§ Work to be completed
Your answer is a copy of every line in the records where "with" appears.

_ _ _

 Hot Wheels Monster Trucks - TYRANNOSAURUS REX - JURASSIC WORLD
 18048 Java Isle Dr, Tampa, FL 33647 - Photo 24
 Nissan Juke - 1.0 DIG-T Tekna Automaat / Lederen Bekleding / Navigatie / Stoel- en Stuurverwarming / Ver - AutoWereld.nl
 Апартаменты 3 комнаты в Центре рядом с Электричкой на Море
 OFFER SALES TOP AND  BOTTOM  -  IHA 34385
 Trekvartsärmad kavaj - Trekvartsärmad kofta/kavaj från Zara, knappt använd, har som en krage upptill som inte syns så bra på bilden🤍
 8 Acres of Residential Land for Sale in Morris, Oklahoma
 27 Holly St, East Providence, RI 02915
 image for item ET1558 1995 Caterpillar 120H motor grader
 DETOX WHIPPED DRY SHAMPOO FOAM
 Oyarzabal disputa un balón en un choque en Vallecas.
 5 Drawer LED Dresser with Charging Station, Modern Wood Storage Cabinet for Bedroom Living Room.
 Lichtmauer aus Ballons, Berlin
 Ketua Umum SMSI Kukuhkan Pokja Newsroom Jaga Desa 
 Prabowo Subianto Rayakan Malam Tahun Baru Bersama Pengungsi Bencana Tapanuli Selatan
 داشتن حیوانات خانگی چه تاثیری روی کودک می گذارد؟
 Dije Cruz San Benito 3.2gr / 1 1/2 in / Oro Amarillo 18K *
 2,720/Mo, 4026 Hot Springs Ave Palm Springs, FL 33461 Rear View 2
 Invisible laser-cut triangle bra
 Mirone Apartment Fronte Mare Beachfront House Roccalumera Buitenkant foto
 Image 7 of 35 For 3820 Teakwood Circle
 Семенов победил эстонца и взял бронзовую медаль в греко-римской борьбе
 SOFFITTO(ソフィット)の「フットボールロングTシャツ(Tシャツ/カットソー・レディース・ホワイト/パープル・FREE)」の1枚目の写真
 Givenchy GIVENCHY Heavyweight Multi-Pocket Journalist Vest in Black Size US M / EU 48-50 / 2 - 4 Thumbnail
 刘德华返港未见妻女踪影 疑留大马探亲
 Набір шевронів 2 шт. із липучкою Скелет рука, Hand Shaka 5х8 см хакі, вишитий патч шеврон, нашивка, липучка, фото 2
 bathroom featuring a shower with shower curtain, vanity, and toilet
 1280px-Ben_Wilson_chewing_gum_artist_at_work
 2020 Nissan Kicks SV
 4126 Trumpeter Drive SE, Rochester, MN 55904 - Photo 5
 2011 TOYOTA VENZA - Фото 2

_ _ _

§ Output for this exercise
 5 Drawer LED Dresser with Charging Station, Modern Wood Storage Cabinet for Bedroom Living Room.
 bathroom featuring a shower with shower curtain, vanity, and toilet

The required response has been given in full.